EXERCISE: For each line of the data below, copy it if it holds the word "wall".
*** GIVEN INFORMATION ***
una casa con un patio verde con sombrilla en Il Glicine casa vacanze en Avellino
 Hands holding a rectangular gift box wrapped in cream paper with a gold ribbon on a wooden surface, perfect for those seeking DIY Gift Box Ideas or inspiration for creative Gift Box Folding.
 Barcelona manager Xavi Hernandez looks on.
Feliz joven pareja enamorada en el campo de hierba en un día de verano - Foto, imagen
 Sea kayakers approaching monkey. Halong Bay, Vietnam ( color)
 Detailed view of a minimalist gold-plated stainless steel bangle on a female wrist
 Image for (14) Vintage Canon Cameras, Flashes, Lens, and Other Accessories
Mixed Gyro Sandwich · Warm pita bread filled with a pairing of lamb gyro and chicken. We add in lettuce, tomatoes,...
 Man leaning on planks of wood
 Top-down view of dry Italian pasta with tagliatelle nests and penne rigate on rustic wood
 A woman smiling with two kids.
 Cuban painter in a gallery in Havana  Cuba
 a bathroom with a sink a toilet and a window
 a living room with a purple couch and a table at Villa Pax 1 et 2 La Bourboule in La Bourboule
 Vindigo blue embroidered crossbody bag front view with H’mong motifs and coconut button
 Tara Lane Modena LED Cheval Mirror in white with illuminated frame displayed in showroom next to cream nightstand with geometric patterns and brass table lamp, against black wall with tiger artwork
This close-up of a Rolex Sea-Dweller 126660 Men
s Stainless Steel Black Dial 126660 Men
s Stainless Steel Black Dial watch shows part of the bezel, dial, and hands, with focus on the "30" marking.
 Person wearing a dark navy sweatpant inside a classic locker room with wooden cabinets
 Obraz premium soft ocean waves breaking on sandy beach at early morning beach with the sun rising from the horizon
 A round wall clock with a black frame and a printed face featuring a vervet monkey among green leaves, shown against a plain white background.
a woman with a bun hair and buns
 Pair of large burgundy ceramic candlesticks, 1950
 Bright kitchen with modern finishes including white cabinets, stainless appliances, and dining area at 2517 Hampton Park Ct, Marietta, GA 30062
***
EXERCISE OUTPUT:
 Tara Lane Modena LED Cheval Mirror in white with illuminated frame displayed in showroom next to cream nightstand with geometric patterns and brass table lamp, against black wall with tiger artwork
 A round wall clock with a black frame and a printed face featuring a vervet monkey among green leaves, shown against a plain white background.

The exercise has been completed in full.